- Theatrical release poster
- Directed by: K. Balachander
- Written by: K. Balachander
- Based on: Naanal by K. Balachander
- Produced by: G. V. Saravanan
- Starring: R. Muthuraman K. R. Vijaya Major Sundarrajan Sowcar Janaki Srikanth Nagesh
- Cinematography: P. N. Sundaram
- Edited by: N. R. Kittu S. Muthu
- Music by: V. Kumar
- Production company: Saravana Pictures
- Release date: 24 December 1965;
- Running time: 135 minutes
- Country: India
- Language: Tamil

= Naanal (film) =

Naanal ( cane) is a 1965 Indian Tamil-language crime comedy film, written and directed by K. Balachander. It is based on his play of the same name. The film stars R. Muthuraman, Major Sundarrajan, Srikanth, Sowcar Janaki, K. R. Vijaya and Nagesh. It was released on 24 December 1965 and failed at the box office.

== Plot ==

Four jailbirds escape from prison to take revenge on the judge who sentenced them. They take over his house, and the film builds around the judge and his family escaping from them.

== Production ==
Naanal was a play written by K. Balachander and inspired by the film The Desperate Hours (1955). After the release of Neerkumizhi (1965), Balachander decided to adapt The Desperate Hours as the story for his next play after being impressed by the plot. Naanal was later adapted by him into a film with the same name after the producer Velumani felt it had potential. Naanal marked the feature film debut of Typist Gopu.

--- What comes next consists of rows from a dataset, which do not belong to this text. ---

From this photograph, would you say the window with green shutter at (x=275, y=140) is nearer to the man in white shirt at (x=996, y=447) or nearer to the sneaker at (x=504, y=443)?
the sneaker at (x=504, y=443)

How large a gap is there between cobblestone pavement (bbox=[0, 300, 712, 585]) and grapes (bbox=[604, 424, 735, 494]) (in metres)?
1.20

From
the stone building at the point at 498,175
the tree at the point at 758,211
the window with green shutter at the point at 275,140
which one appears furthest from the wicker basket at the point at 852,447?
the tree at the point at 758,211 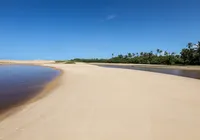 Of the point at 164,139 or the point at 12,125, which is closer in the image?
the point at 164,139

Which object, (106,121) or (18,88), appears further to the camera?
(18,88)

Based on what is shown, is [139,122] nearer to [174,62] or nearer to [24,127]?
[24,127]

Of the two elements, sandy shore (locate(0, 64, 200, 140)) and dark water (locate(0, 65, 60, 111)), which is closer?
sandy shore (locate(0, 64, 200, 140))

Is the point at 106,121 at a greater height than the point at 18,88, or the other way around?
the point at 106,121

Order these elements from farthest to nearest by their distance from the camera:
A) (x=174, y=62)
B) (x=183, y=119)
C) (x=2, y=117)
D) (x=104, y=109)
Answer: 1. (x=174, y=62)
2. (x=104, y=109)
3. (x=2, y=117)
4. (x=183, y=119)

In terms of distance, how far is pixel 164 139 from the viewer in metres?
5.21

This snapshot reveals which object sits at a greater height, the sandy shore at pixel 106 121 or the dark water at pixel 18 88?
the sandy shore at pixel 106 121

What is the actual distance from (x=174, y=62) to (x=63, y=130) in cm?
8957

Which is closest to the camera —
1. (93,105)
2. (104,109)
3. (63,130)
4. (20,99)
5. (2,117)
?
(63,130)

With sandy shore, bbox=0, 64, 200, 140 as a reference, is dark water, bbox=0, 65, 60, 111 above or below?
below

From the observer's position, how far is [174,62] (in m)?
89.2

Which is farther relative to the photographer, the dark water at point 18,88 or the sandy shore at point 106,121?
the dark water at point 18,88

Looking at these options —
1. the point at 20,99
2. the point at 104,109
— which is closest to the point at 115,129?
the point at 104,109

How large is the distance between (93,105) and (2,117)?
3.38 meters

When the film was submitted to the censor board for certification, an official raised objection against the film's concept, believing it may influence criminals in real life to take revenge in a similar manner and instructed Balachander to change the story and film it again. Balachander, who was shocked by this decision as the film was nearing its release, made changes to the film like redubbing lines of "Judge" and replacing it with "Durai" while also shooting a flashback scene to show the reason for the criminals' anger against the film's protagonist in one day and added it in the film. After making these changes, the certification was given.

== Soundtrack ==
The music was composed by V. Kumar. Historian A. R. Venkatachalapathy wrote, "[Suratha] had a knack for compiling data, making lists and turning them into poetry", citing "Vinnukku Melaadai" in Naanal as an example.

| Songs | Singers | Lyricists | Length |
| "Ennathaan Paaduvathu" | P. Susheela | Alangudi Somu | 03:59 |
| "Kuyil Koovi Thuyil Ezhuppa" | Soolamangalam Rajalakshmi | 02:52 |
| "Kuyil Koovi Thuyil Ezhuppa" – Sad | Soolamangalam Rajalakshmi & Major Sundarrajan (dialogues) | 03:26 |
| "Vinnukku Melaadai" | T. M. Soundararajan & P. Susheela | Suratha | 05:39 |

== Release and reception ==
Naanal was released on 24 December 1965. T. M. Ramachandran of Sport and Pastime positively reviewed the film, praising Sundarrajan's performance more than the other cast members. Kalki gave the film a less positive review, comparing it unfavourably to the source play. The film did not do well at the box-office.

== Legacy ==
The storyline of Crazy Mohan's play Crazy Thieves in Palavakkam was inspired by Naanal.